Millvale has made news in recent years for its flooding, but yesterday Democrats there gushed over former President Bill Clinton on the first of four small-town campaign stops as he skipped across the state in the run-up to tomorrow's Pennsylvania primary.

The morning's political service in what was once a Catholic church and is now a concert hall known as Mr. Small's drew more than 300 of the Clinton faithful who left singing his, and his wife's, praises after just a 12-minute speech. He spent almost as much time shaking hands and signing autographs afterward as he moved slowly toward a side exit.

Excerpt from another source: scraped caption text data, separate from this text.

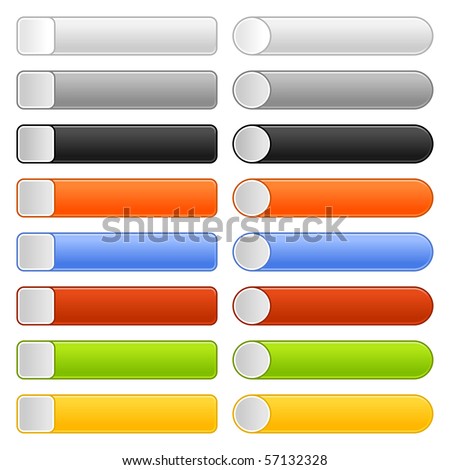 16 blank web 2.0 button navigation panel. Colored rounded rectangle shapes on white background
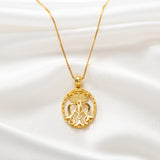 Catholight Openwork French Auspice Maria Necklace in 14K Gold Vermeil/ Sterling Silver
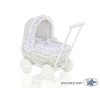 Carrozzina in Rattan per le Bambole Bianca Blu Navy Pois Bianchi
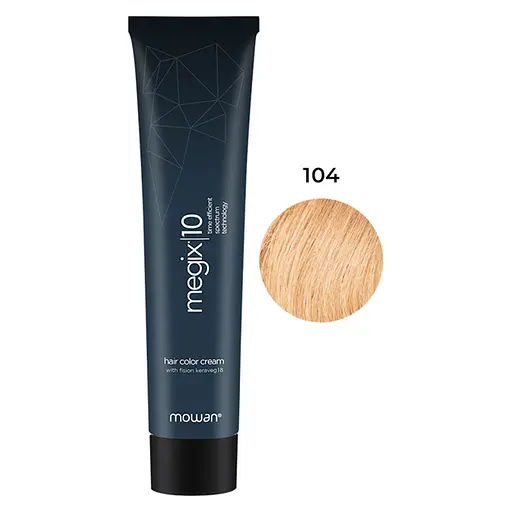 Фарба для волосся з низьким вмістом аміаку Megix10 Mowan 104 ультра світлий мідний блонд 100 мл - фото 1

"Just awesome," said Johnna Zacharias of Etna, after hearing the former president give a standard stump speech in which he established Hillary Rodham Clinton's Pennsylvania bona fides -- the Scranton birth and the family's Penn State University football team connections -- touched on all the health care and economic buttons, and chided unnamed "elitists" for saying Hillary can't win.

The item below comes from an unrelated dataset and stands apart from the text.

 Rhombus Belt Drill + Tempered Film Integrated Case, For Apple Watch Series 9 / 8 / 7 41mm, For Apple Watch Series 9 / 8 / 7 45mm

"When I see him I feel he's presidential, dynamic," said Ms. Zacharias as she put together a handful of "Hillary" yard signs she'd just been given outside the club. "And she has the ability to make a good world for my kids, so they can go to college and have a better life."

Ed Wirkowski, a Millvale councilman and retired Pittsburgh policeman who said he was part of a police detail that guarded Mr. Clinton when he visited Pittsburgh in the early 1990s, said he is a Hillary supporter even though she and Sen. Barack Obama have similar positions on most issues.

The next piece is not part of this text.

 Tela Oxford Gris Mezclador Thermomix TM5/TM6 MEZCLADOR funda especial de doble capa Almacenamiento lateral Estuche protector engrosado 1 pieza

"They're almost the same," Mr. Wirkowski said. "The big thing is that we need a Democrat in the White House, though I don't know if one is better than the other. I think she has more experience."

Frank Galioto, a Millvale insurance broker, said Mrs. Clinton had "lowered the boom" on Mr. Obama in Wednesday's debate and that it showed he was too young and inexperienced to be president.

"I got the feeling the Republicans would make soup meat out of him," Mr. Galioto said. "He's running for a very important position and I think some number of voters may be reluctant to vote for him. If he [Obama] is nominated I'll vote for McCain."

Donna Kurzawski, who along with her 11-year-old daughter, Camille, shook hands with the former president, said seeing him clinched her vote.

"I'd been going back and forth, but what he said about the economy and her position on health care is important," Mrs. Kurzawski said. "And the war, ending it, is high on my list too."

"I think it's really neat to have a woman running," said Camille Kurzawski. "She's the first to get this far. I'm a supporter."

As he was about to climb into a car to leave, the former president stopped, then slipped across the street to plant a kiss on the right cheek of May Mayhugh, who was sitting on her porch.

"He asked how I was and I said I've been very sick. He gave me a hug and kissed me right here on the cheek," said Ms. Mayhugh, 85, who said she is a registered Democrat, and would be making it to the polls Tuesday despite a recent stroke. "I'm not going to wash that cheek for a while."